İnsan odaklı tasarım, iç mekanları insanlara göre uyarlamaktır, tam tersi değil.
Burada önemli olan nokta, ofis aydınlatmasının rengi, yoğunluğu ve niceliği doğal ışığın özelliklerini, yani insan görüşünü en iyi şekilde değerlendiren ışığı yansıtması gerektiğidir.
İnsan odaklı tasarım kavramı nereden kaynaklanıyor?
İnsan merkezli tasarım, insanlara odaklanır; onların ihtiyaçlarını, beklentilerini, olasılıklarını, korkularını ve sınırlamalarını göz önünde bulundurur.
Bu teorinin 1980'lerde kurucusu olan Donald Norman, bir projenin nihai ürününün kusursuz bir şekilde çalışmasını garanti altına alarak kullanıcıya geri gönderilmesini sağlayan bir süreç önerdi.

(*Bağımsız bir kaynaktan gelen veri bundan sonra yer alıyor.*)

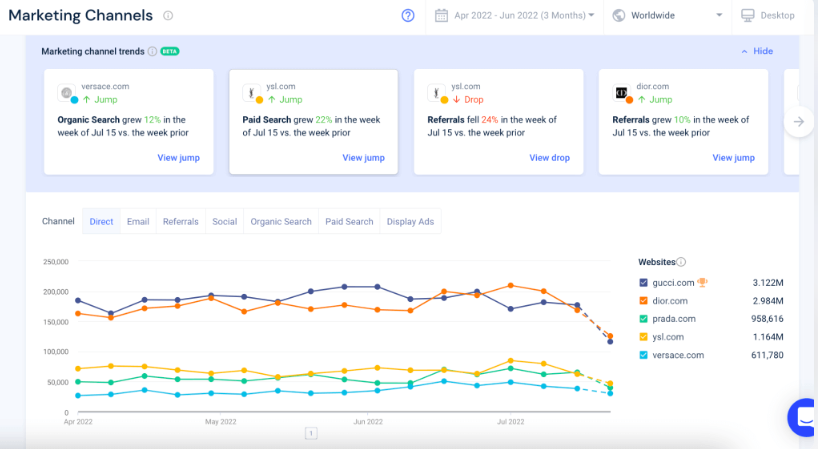 Similarweb文章圖片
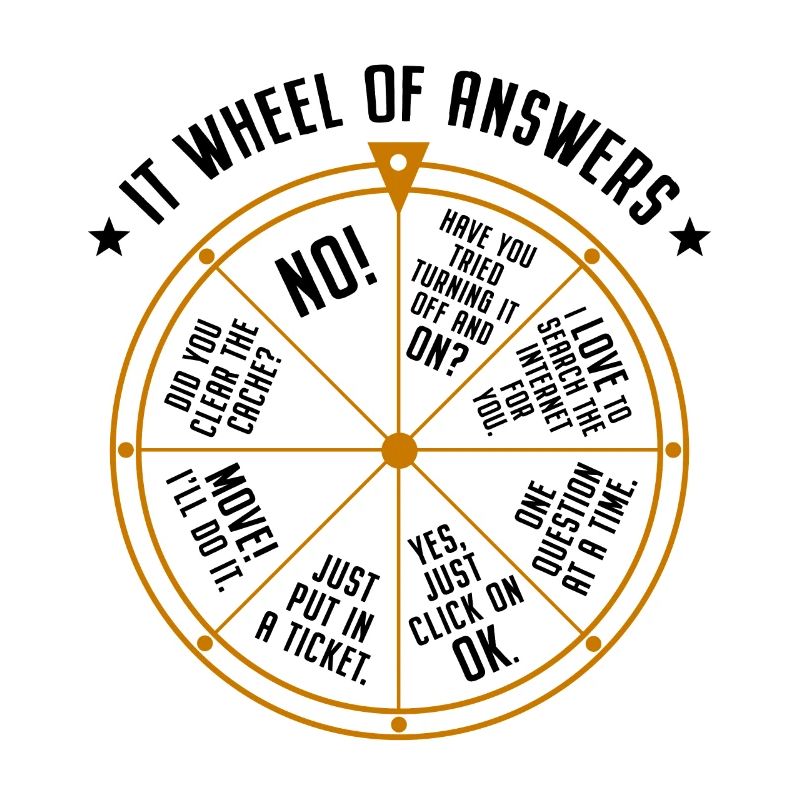 Support informatique Roue de la fortune Service Desk IT Helpdesk Nerd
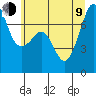 Tide Point tide chart for Sunday, July 9, 2023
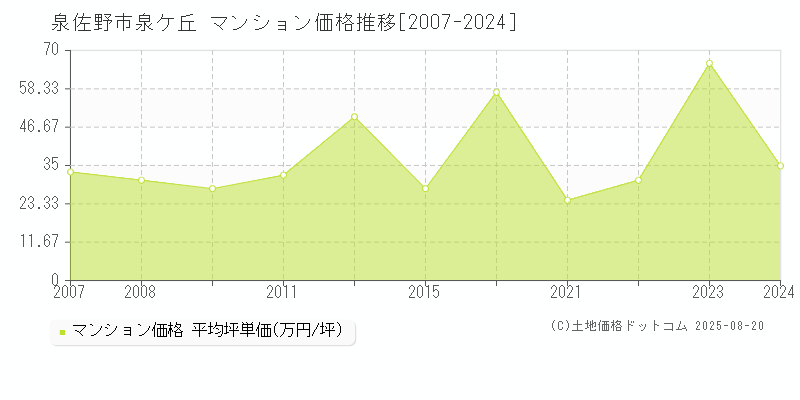 泉ケ丘(泉佐野市)のマンション価格推移グラフ(坪単価)[2007-2024年]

İnsan odaklı tasarım, Avrupa Komisyonu tarafından modern aydınlatma alanındaki bilgiyi genişletmek ve bu alandaki teknolojik gelişmelere odaklanan uygulamaları desteklemek amacıyla 2013-2016 yılları arasında başlatılan İnsan Odaklı Aydınlatma (HCL) projesinin ortaya çıkmasına neden olmuştur. Bu faaliyetlerin sonuçları, ofis aydınlatmasının çalışan sağlığı ve üretkenliği üzerindeki etkisini açıkça ortaya koymaktadır. Mevcut standartlar yalnızca ışık yoğunluğunu, parlamayı veya renksel geriverimi düzenler, çalışanların işyerindeki konforunu doğrudan ele almaz. Bunun yerine, zayıf aydınlatma parametrelerinin sağlık üzerindeki etkilerini dolaylı olarak ele alırlar.
Projenin temel önerisi, ofis aydınlatmasının sirkadiyen ritimlere göre optimize edilmesidir. Gün ışığı biyolojik saatlerimizi düzenler, aktiviteyi teşvik eder veya dinlenmemizi sağlar. Bunun nedeni, retinadaki reseptörleri uyararak vücudumuza günün farklı saatlerine uyum sağlaması için sinyal göndermesidir. Güneş hareket ettikçe ışığın renk sıcaklığı, geliş açısı, yoğunluğu ve miktarı da değişir.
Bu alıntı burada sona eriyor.